В Комарово я бывал у Абрама Федоровича Иоффе. Его называли «папа Иоффе», он, в сущности, был отец нашей советской физики, он ее создавал, и все наши великие физики XX века — это так или иначе питомцы Иоффе.
У Абрама Федоровича Иоффе жила на участке лисица с лисятами и он за ней с интересом наблюдал и рассказывал мне об их жизни. Был он красавец, благообразный, с хорошим чувством юмора. Рассказывал, как организовал в начале двадцатых годов свой Физико-технический институт, какое было время, рассказывал о своем друге Рождественском, как Рождественский пришел к Ленину или к Луначарскому, уже не помню, просить денег на организацию Оптического института. Ему пошли навстречу и дали пятнадцать килограммов денег в мешке, и он с этим мешком за плечами шел от Смольного до Васильевского острова, тащил на себе.
Любил я Владимира Ивановича Смирнова. В институте учился по его учебнику математики, поэтому у меня к Владимиру Ивановичу было особое почтение. Академик Смирнов считал, что попал в академики по математическим наукам по недоразумению, на самом деле он должен был стать музыкантом, он обожал музыку. Он жил в детстве возле Зимнего дворца, родители его имели какое-то отношение к Императорскому оркестру, и все его детство прошло среди музыкантов, но, «к несчастью», у него проявились незаурядные способности к математике, родители его направили в университет, и он стал заниматься математикой, и так успешно, что стал академиком. Но его душа была предана музыке. Он аккуратно посещал филармонию, слушал пластинки. Мы с ним часто рассуждали о музыке, о том, почему математики так тянутся к музыке, причем старинной музыке, кажется, правилом является их предпочтение Баху, Перголези, Вивальди, Моцарту. Владимир Иванович был человеком чрезвычайно высокой учтивости. Если мы договаривались, что я приду к нему в таком-то часу, он встречал меня на дороге. Никогда не было случая, чтобы он ждал в доме, всегда встречал на улице: или у калитки, или возле дома, хотя он был намного старше меня.
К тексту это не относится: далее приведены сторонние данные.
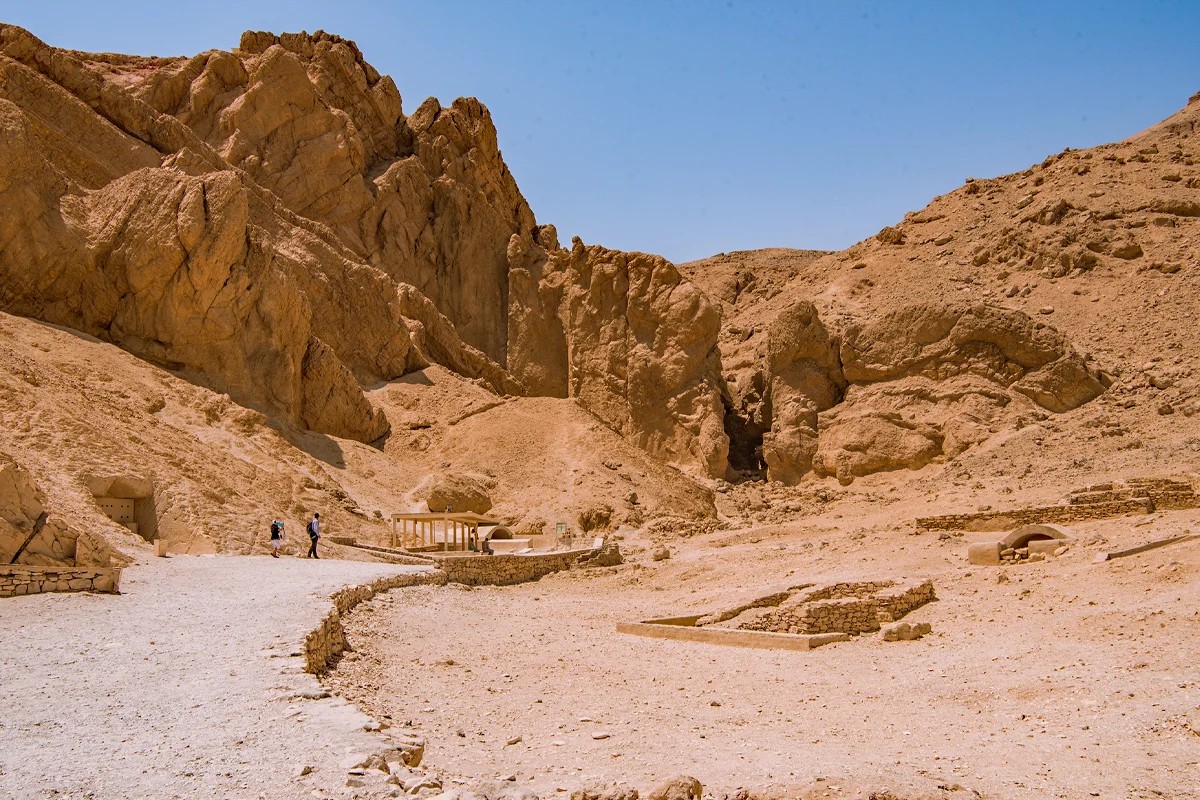 Tour to Luxor from Aswan by vehicle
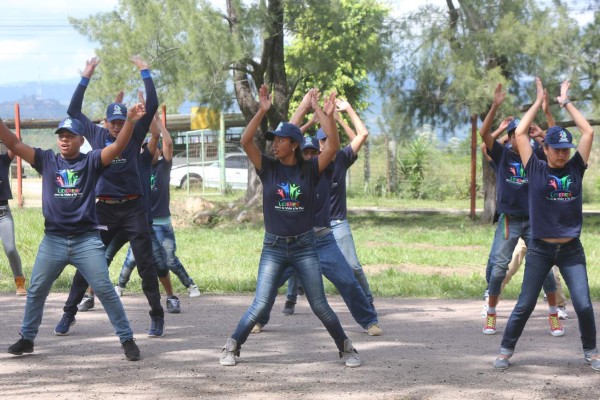 Con disciplina militar rescatan a decenas de jóvenes en riesgo social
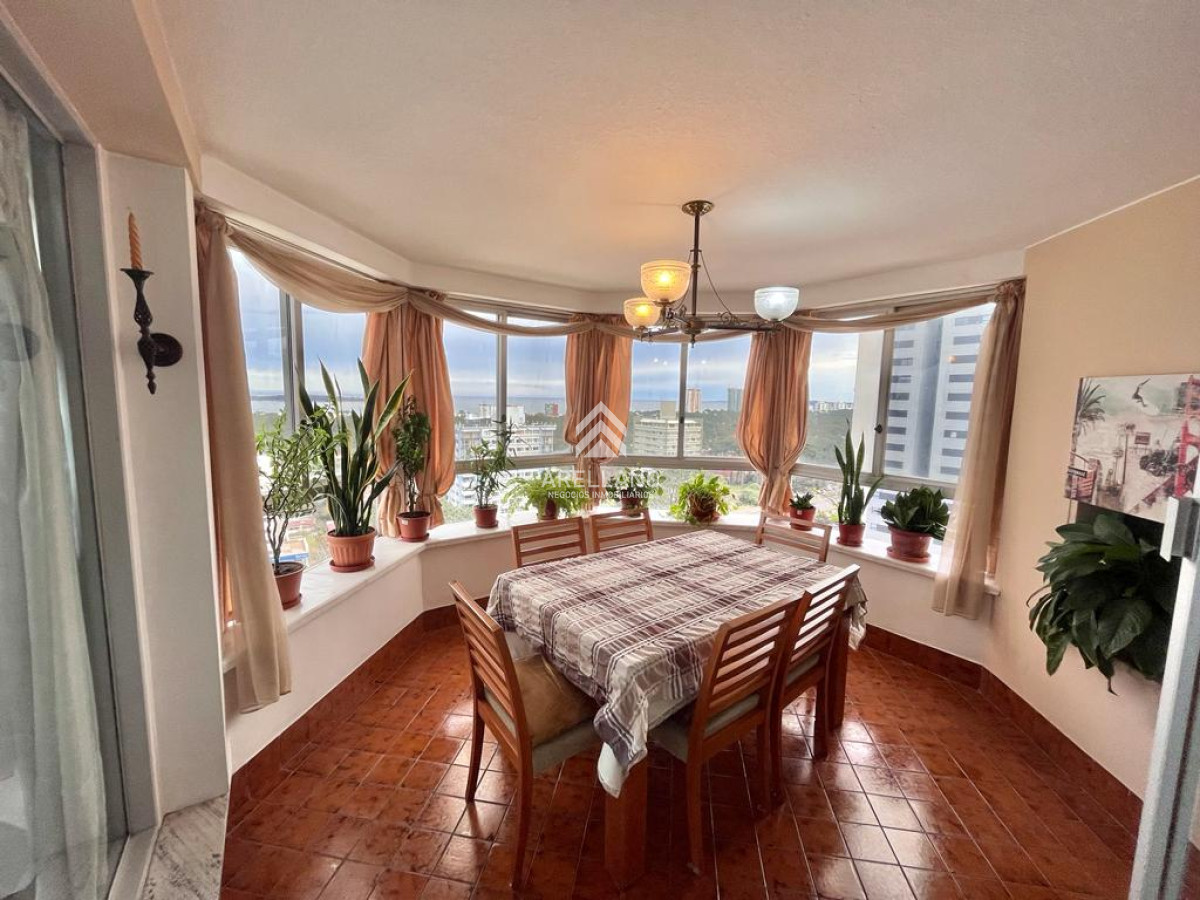 Apartamento ID.2433 - Venta apartamento 3 dormitorios y dependencia Roosevelt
Как-то я сидел у Владимира Ивановича, когда пожаловал в гости к нему Канторович, тоже математик, лауреат Нобелевской премии. Это был его друг. Канторович жил в гостях у Линников (тоже математиков), они соседствовали. Я, конечно, сразу обратился к Канторовичу: «Вы могли бы рассказать, за что вы получили Нобелевскую премию, потому что никто кругом меня понять это не может? » Он стал объяснять, я почти все понял. Я давно заметил, что великие ученые часто отличаются тем, что говорят с непосвященным так, что он может понять их. И блеск Канторовича, и блеск Смирнова состоял в том, что сложные проблемы, самые сложные умели объяснить пальцах: становилось понятно, приятно и весело от того, что, оказывается, все так просто.